**The problem**
Below are some records. Write out the lines from the one containing "Snapshot of aurora_hotter" to the last line, word for word, leaving out pictures.
:::::
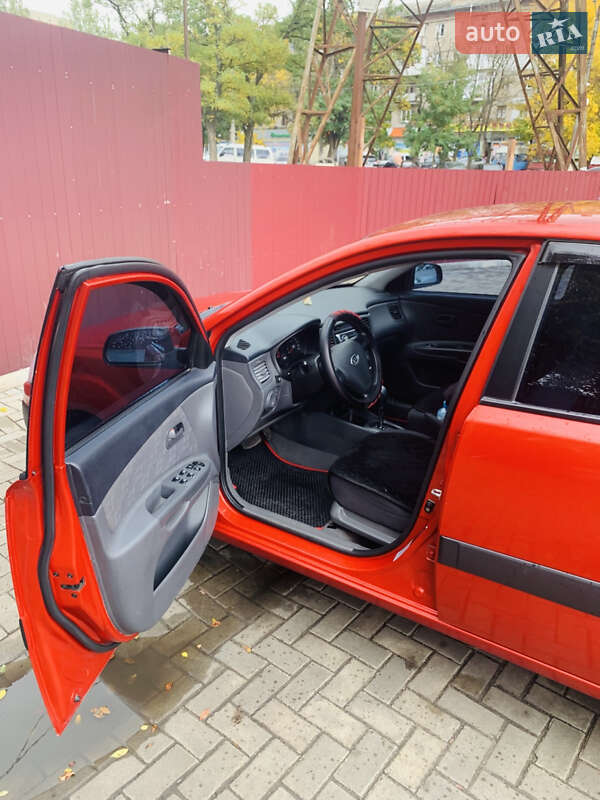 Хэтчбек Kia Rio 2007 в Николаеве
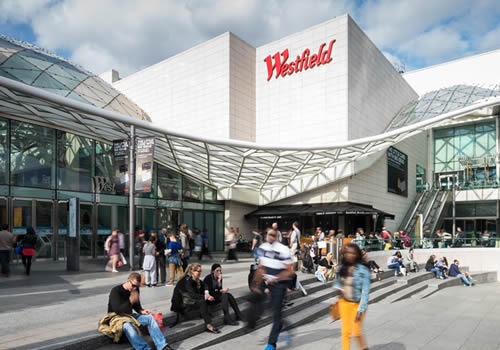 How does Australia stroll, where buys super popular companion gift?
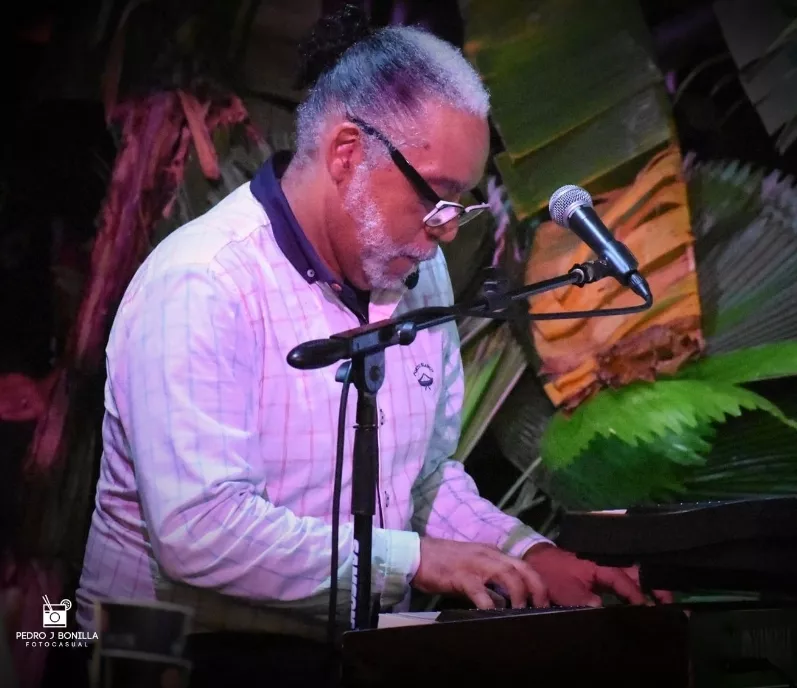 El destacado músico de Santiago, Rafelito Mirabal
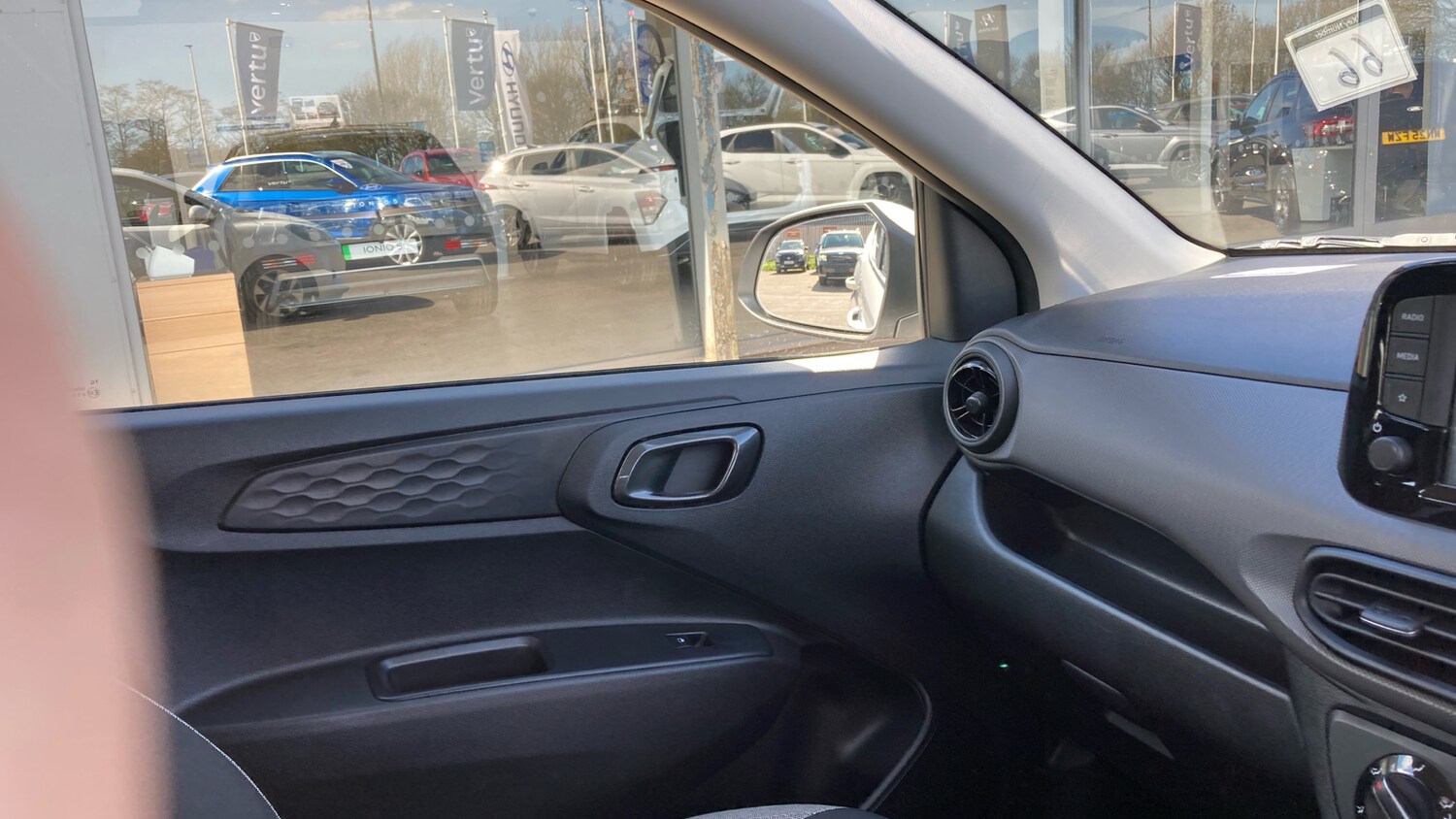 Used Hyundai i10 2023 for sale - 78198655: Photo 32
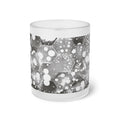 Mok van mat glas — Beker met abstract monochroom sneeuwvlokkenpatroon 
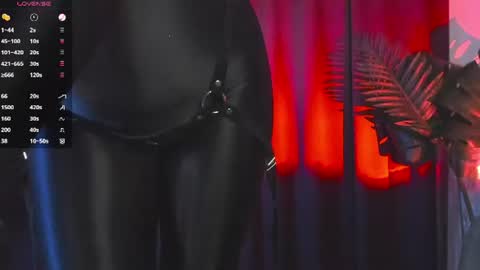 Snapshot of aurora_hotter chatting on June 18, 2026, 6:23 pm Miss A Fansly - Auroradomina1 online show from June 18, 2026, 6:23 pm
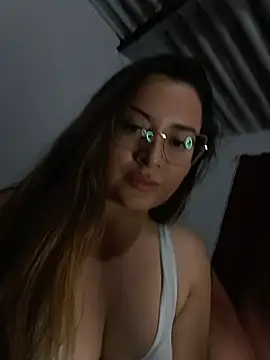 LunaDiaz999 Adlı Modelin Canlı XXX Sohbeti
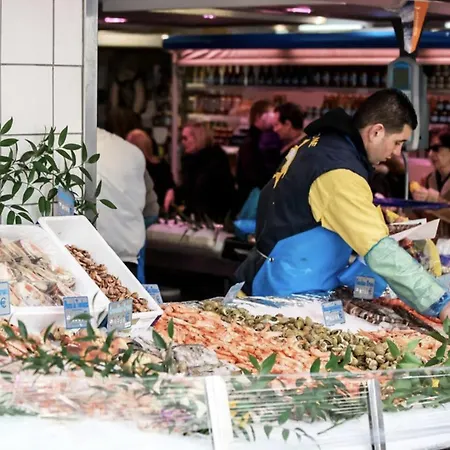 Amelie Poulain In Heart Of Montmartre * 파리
:::::
**Result of the task**
 Snapshot of aurora_hotter chatting on June 18, 2026, 6:23 pm Miss A Fansly - Auroradomina1 online show from June 18, 2026, 6:23 pm
 LunaDiaz999 Adlı Modelin Canlı XXX Sohbeti
 Amelie Poulain In Heart Of Montmartre * 파리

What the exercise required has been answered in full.